In 1954, GE researcher H. Tracy Hall and three colleagues built a machine that squeezed carbon so hard it turned into nature’s hardest substance: diamond. Their discovery earned the team a spot in America’s National Inventors Hall of Fame, but it didn’t lead GE into the bling business. Instead, the company used the stones to make tools for cutting and polishing metals, glass and even teeth.
Above: GE’s “diamond press” produced pressure of 1.5 million pounds per square inch and temperature of 5,000 degrees Fahrenheit. The press squeezed a special metal-carbon mixture so hard that it turned after 20 minutes into synthetic diamond. Image credit: GE Global Research Top: Black diamond is the toughest form of natural diamond. Diamond and graphite are both “allotropes,” or different crystalline forms, of the same element: carbon.

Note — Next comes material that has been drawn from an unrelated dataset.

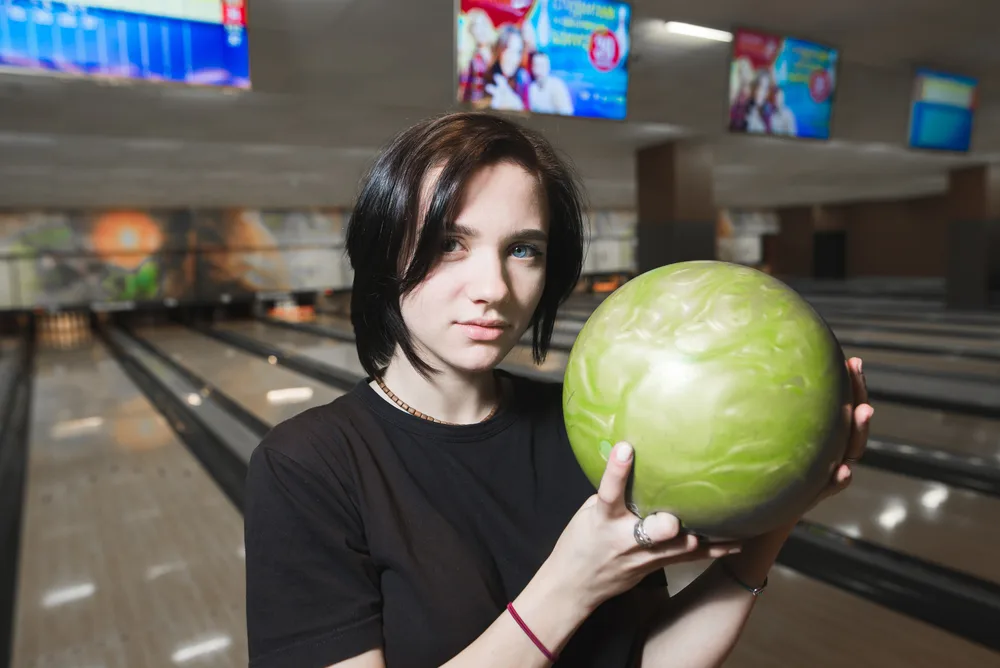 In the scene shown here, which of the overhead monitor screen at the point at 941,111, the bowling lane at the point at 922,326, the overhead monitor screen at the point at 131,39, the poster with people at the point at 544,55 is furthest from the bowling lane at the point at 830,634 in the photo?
the bowling lane at the point at 922,326

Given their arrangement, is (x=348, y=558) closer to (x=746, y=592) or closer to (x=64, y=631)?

Although GE eventually sold the diamond unit, it did not abandon carbon altogether. Scientists at GE Global Research, the birthplace of the synthetic diamond, are now working with silicon carbide – another hard, carbon-based material originally used for sandpaper. They’re using it to make heavy-duty microchips that can handle megawatts of power and make everything from solar panels to MRI scanners and oil pumps more efficient.
This cross-pollination of ideas and technologies can found everywhere around GE – from using MRI magnets to improve wind turbines to deploying jet engine technology inside power plants.